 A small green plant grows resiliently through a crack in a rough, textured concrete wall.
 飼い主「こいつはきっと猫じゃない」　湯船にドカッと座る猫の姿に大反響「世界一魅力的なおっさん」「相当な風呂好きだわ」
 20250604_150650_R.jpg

========================================

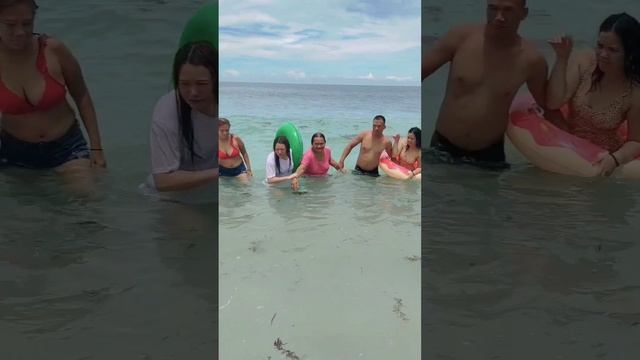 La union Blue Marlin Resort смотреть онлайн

========================================

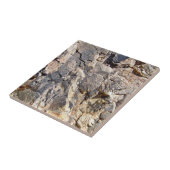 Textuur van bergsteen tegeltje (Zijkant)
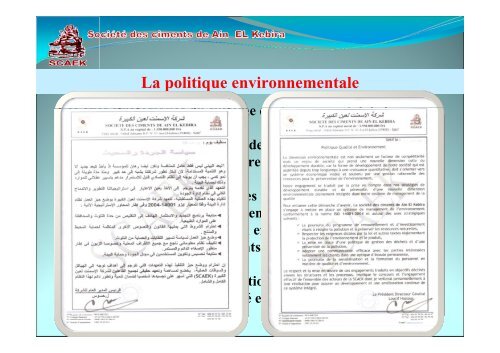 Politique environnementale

========================================

INSTRUCTIONS FOR THE TASK: Using the listing above, restate exactly the range between the lines holding "Textuur van bergsteen tegeltje (Zijkant)" and "Politique environnementale", inclusive, with pictures left out.

EXPECTED ANSWER:
 Textuur van bergsteen tegeltje (Zijkant)
 Politique environnementale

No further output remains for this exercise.